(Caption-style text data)

------------------------------------------------

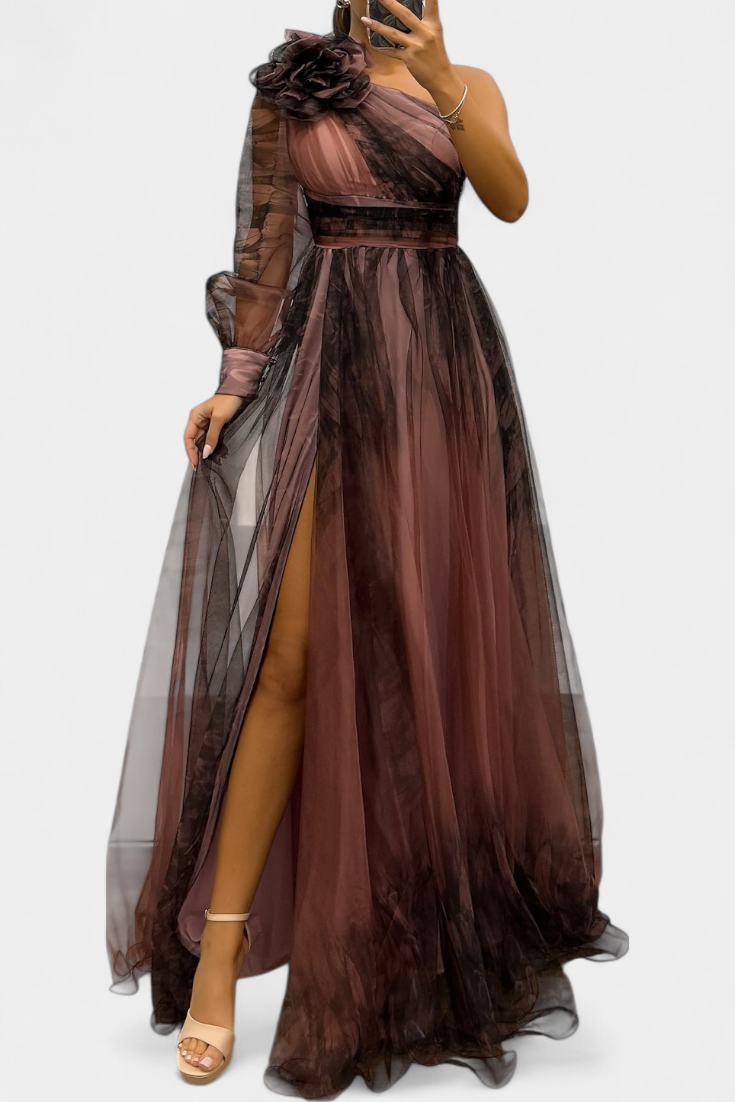 RAFAELA | Vestido longo ombro único com flor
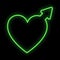 Bright luminous green festive digital neon sign for a store or card beautiful shiny with love hearts in the form of a male gender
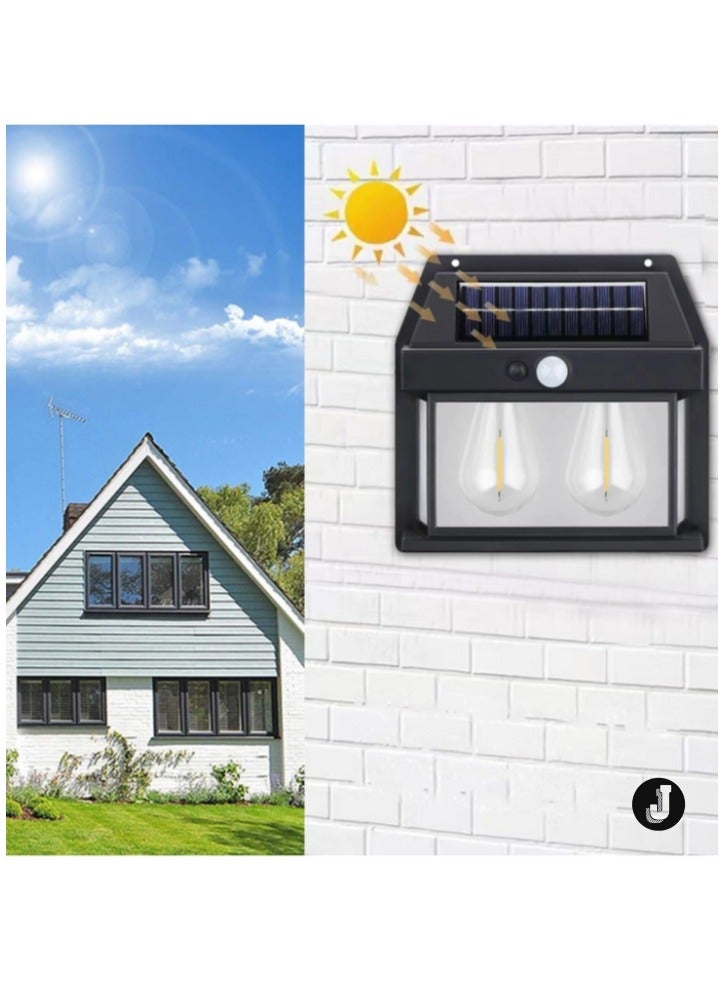 JAJEEK "NEW Outdoor Solar Dual Core Warm Light Wall Lamp – Wireless Dusk to Dawn Motion Sensor LED Sconce (IP65 Waterproof)"  - Image 1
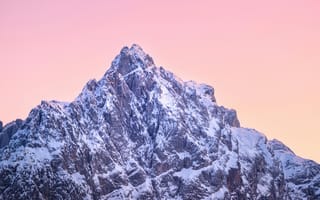 Картинка гора, пейзаж, снег, закат, природа, высота, красота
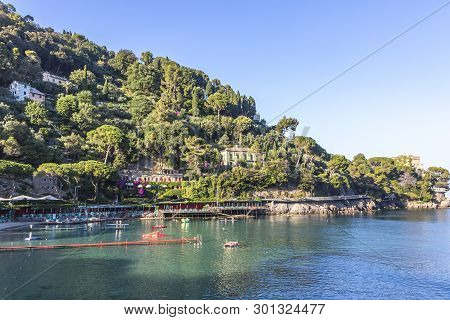 Beautiful Natural View Of The Bay Of Paraggi In Santa Margherita Ligure, Mediterranean Seacoat Near 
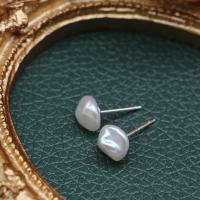 Freshwater Pearl Earrings Baroque fashion jewelry & for woman white 6-7mm Sold By Pair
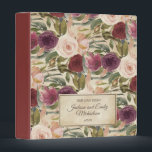 Elegant Vintage Burgundy Blush Pink Floral Wedding 3 Ring Binder<br><div class="desc">"Our love story" rustic floral memory book for the bride and groom designed with beautiful burgundy,  plum purple,  and blush pink flowers on a vintage custom binder.  Personalize with your names and wedding date.</div>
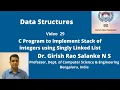 29 C program to Implement Stack using Singly Linked List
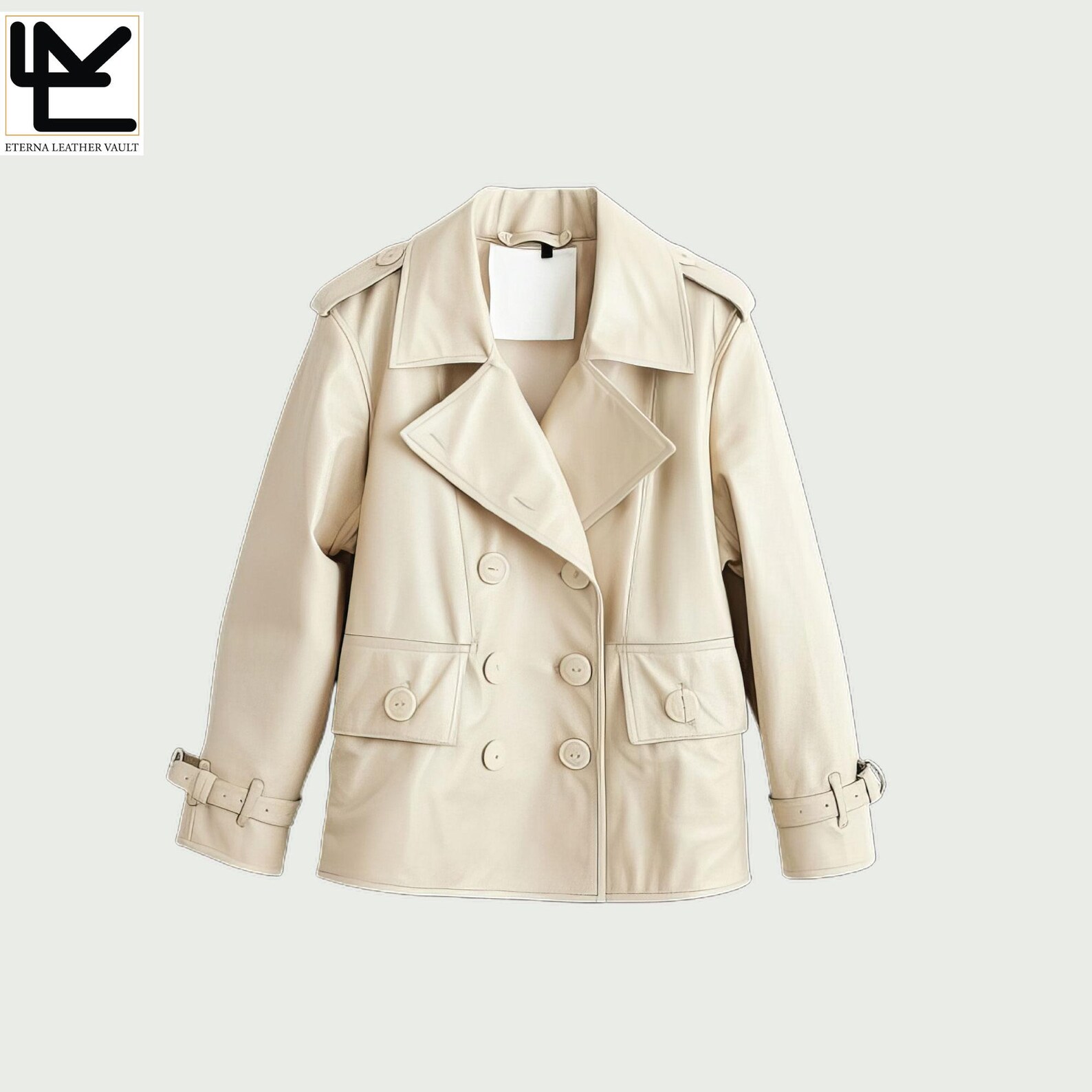 ELV white leather trench coat - front view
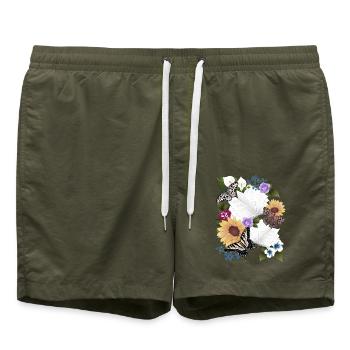 Bücher mit Blumen und Schmetterlinge - Badeshorts - Olive - Vorne - AI Model Male 185 light (185cm)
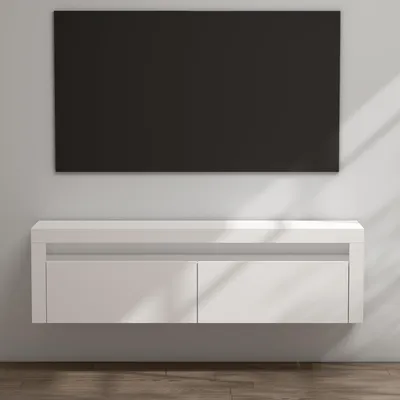 Image de doporro Meuble TV Bas 160x40x46cm Armoire TV Blanc Mat Table de Télévision Salon avec 2 Portes Meuble TV Suspendu Fernsehschrank01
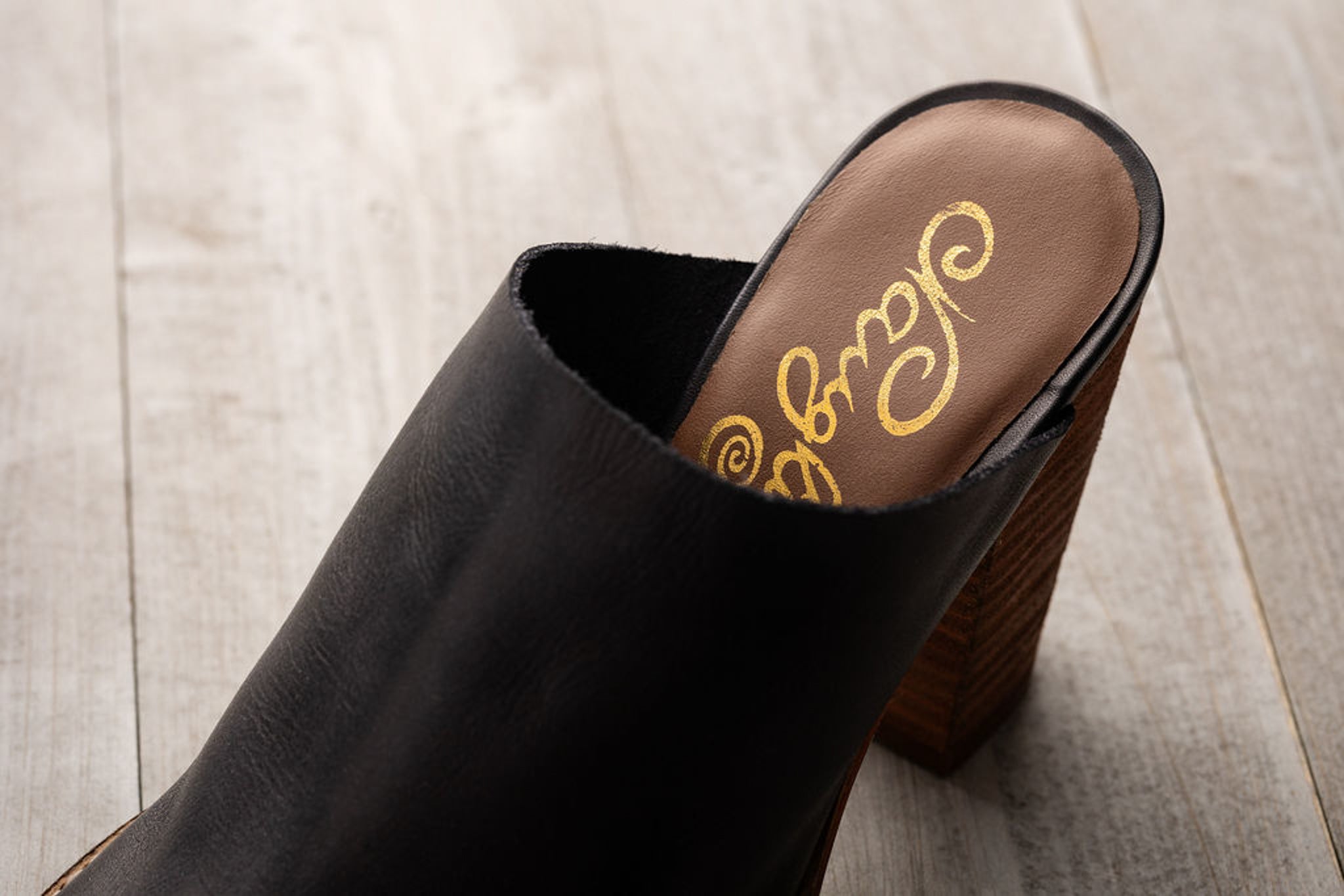 Hallie Heeled Genuine Leather Sandal in Black by Naughty Monkey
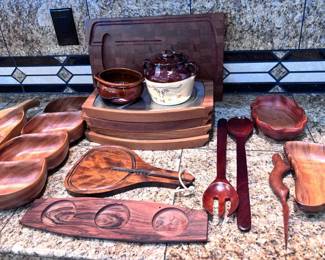 Signed Monkey Pod Wood Dishes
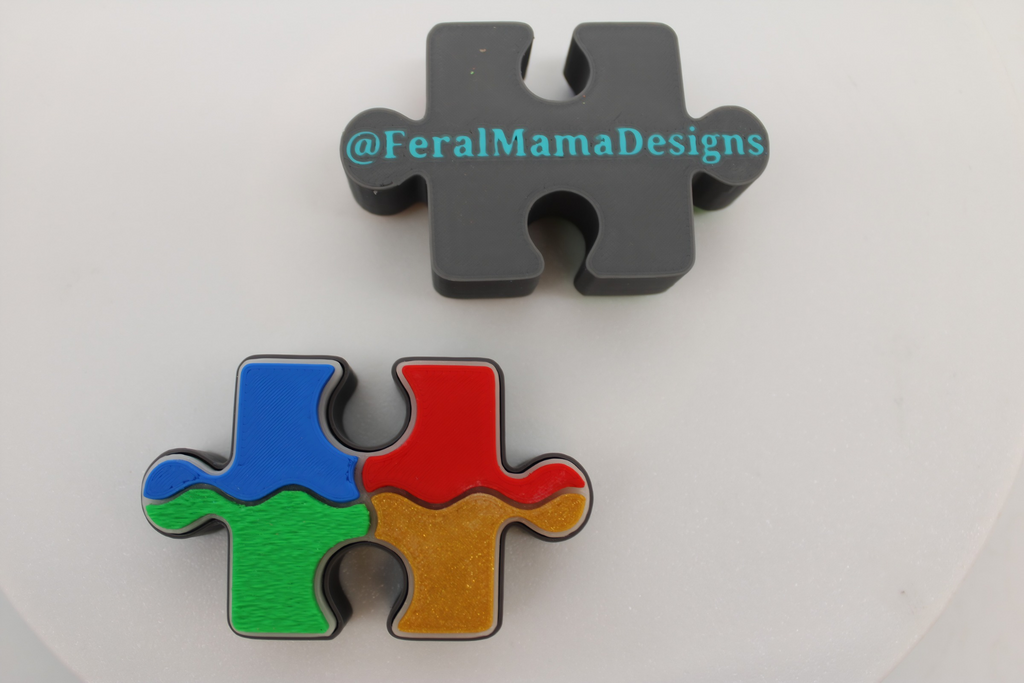 3D Printed Autism Awareness Fidget Clicker & Sensory Toy
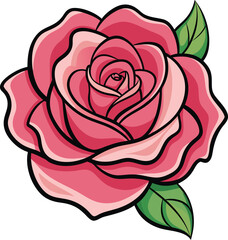 Color red rose vector art illustration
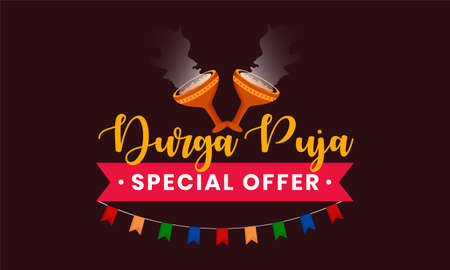 Typography text on indian festival of durga puja with Dhunuchi and decorative background with with special offer.のイラスト素材
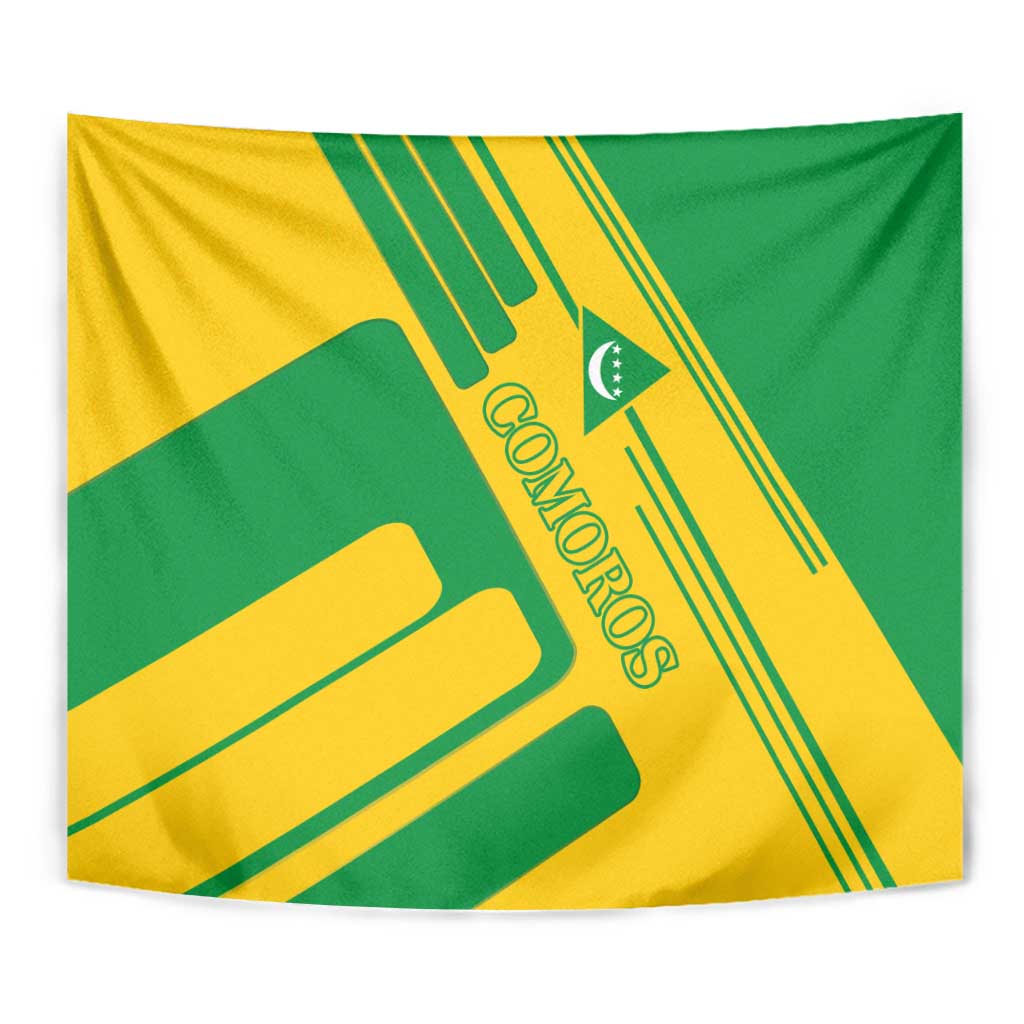 Comoros Flag Tapestry with Green and Yellow Design and National Emblem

------------------------------------------------

#### [What to produce]
What you hand back should match the entries above exactly, except that no picture appears.

#### [Expected answer]
 RAFAELA | Vestido longo ombro único com flor
 Bright luminous green festive digital neon sign for a store or card beautiful shiny with love hearts in the form of a male gender
 JAJEEK "NEW Outdoor Solar Dual Core Warm Light Wall Lamp – Wireless Dusk to Dawn Motion Sensor LED Sconce (IP65 Waterproof)"  - Image 1
 Картинка гора, пейзаж, снег, закат, природа, высота, красота
 Beautiful Natural View Of The Bay Of Paraggi In Santa Margherita Ligure, Mediterranean Seacoat Near 
 Freshwater Pearl Earrings Baroque fashion jewelry & for woman white 6-7mm Sold By Pair
 Elegant Vintage Burgundy Blush Pink Floral Wedding 3 Ring Binder<br><div class="desc">"Our love story" rustic floral memory book for the bride and groom designed with beautiful burgundy,  plum purple,  and blush pink flowers on a vintage custom binder.  Personalize with your names and wedding date.</div>
 29 C program to Implement Stack using Singly Linked List
 ELV white leather trench coat - front view
 Bücher mit Blumen und Schmetterlinge - Badeshorts - Olive - Vorne - AI Model Male 185 light (185cm)
 Image de doporro Meuble TV Bas 160x40x46cm Armoire TV Blanc Mat Table de Télévision Salon avec 2 Portes Meuble TV Suspendu Fernsehschrank01
 Hallie Heeled Genuine Leather Sandal in Black by Naughty Monkey
 Signed Monkey Pod Wood Dishes
 3D Printed Autism Awareness Fidget Clicker & Sensory Toy
 Color red rose vector art illustration
 Typography text on indian festival of durga puja with Dhunuchi and decorative background with with special offer.のイラスト素材
 Comoros Flag Tapestry with Green and Yellow Design and National Emblem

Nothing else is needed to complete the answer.